Local LLMs for Data Analysis: A Self-Correcting Agentic Loop

Not Smarter, Just Persistent: Local LLMs That Fix Their Own Work

This is an account of building Lattice, our agentic data analyst. Lattice works across models (from frontier APIs to ones running on our own hardware) and across data sources, all behind a plain-language Q&A interface: a user asks in plain language, and Lattice works out what to pull — from a database, an API, or a research sweep of the web — runs the queries, and turns the result into charts, tables, or a written brief. It is extensible, too: new capabilities can be added as skills, agents or through MCP servers. This post stays on the core analysis loop, the engine that drives these extensions as much as it drives a bare query.

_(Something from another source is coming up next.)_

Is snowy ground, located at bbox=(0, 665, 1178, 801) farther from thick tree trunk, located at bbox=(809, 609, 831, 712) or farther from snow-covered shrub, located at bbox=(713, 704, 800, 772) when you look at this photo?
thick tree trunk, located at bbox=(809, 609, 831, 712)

Building it forced a practical question: how much serious analysis can we get from a model on our own hardware rather than a frontier model behind an API? The motivation isn’t novelty. It’s privacy, scalability, cost, and a wish to depend less on a handful of models we don’t control. What follows is a candid account of what worked, what didn’t, and the one architectural change that made the biggest difference.

That interface reflects a deliberate choice. You can’t anticipate every dashboard a team will want, so instead of pre-building fixed dashboards, we let people ask for what they need, and the useful charts and queries can be saved and re-run later against fresh data. It turns static reporting into a conversation, and a one-off question becomes no more work than a standing report. The catch: the model has to generate chart and query code on the fly, correctly, every time. That reliability is what this post is about.

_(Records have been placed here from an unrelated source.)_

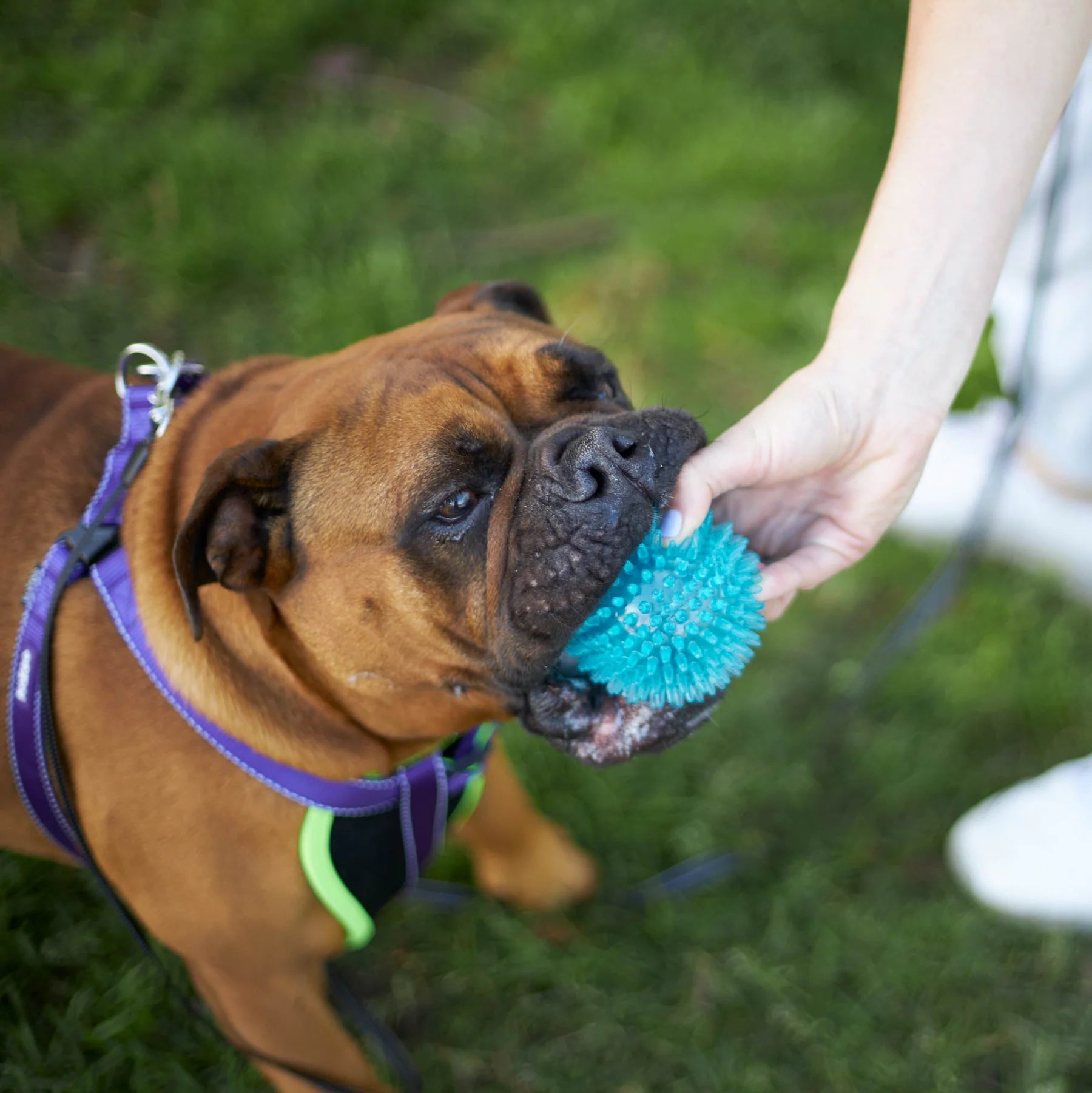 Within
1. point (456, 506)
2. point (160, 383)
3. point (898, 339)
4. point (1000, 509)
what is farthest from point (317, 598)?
point (1000, 509)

The short version: local models are like kids. They’re capable, getting better every month, and still need structure, patience, and a way to learn from their own mistakes. The structure that changed everything for us was an agentic loop that feeds a model its own errors and lets it try again.

1. Why run the model locally at all

The case for local inference is easy to state: privacy (sensitive data never leaves the building), scalability, at least in principle (a vendor’s rate limits become a hardware ceiling we control instead), and resilience (no single paid API becomes a point of failure).

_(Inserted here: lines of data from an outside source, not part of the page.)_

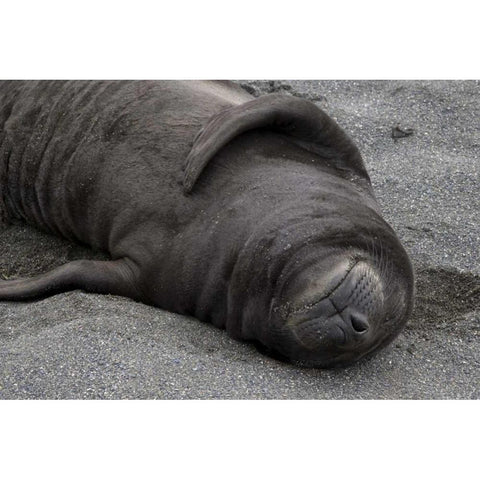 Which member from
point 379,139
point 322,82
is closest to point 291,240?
point 379,139

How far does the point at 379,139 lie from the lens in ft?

Lattice makes this a dropdown, not a rewrite. Talk to it in plain language and it finds the relevant data sources, joins across them, writes and runs the code, checks its own results, and returns a finished chart or answer, showing its work rather than handing you a query. For specialized jobs, it can run a full skill end to end, from policy-impact analysis to a slide deck.

You choose the model doing the reasoning and can switch anytime: a local model on your own machine, cost-efficient cloud models like DeepSeek or Kimi, or frontier models like Claude or GPT (sensitive workloads route through Azure Foundry for enterprise-grade protection). Everything else stays the same across switches, so you can compare models on the same question, or check a local model against a frontier one before trusting it. The point isn’t that local wins. It’s that you decide, per question, which model to lean on.

2. The reality check

Local models are getting better, and there’s no denying it. But they can’t yet replace advanced models for the harder work, and coding is where the gap shows most clearly. And “advanced” no longer means only Claude or GPT: capable cloud models like DeepSeek and Kimi now sit in the same tier, often at a fraction of the price.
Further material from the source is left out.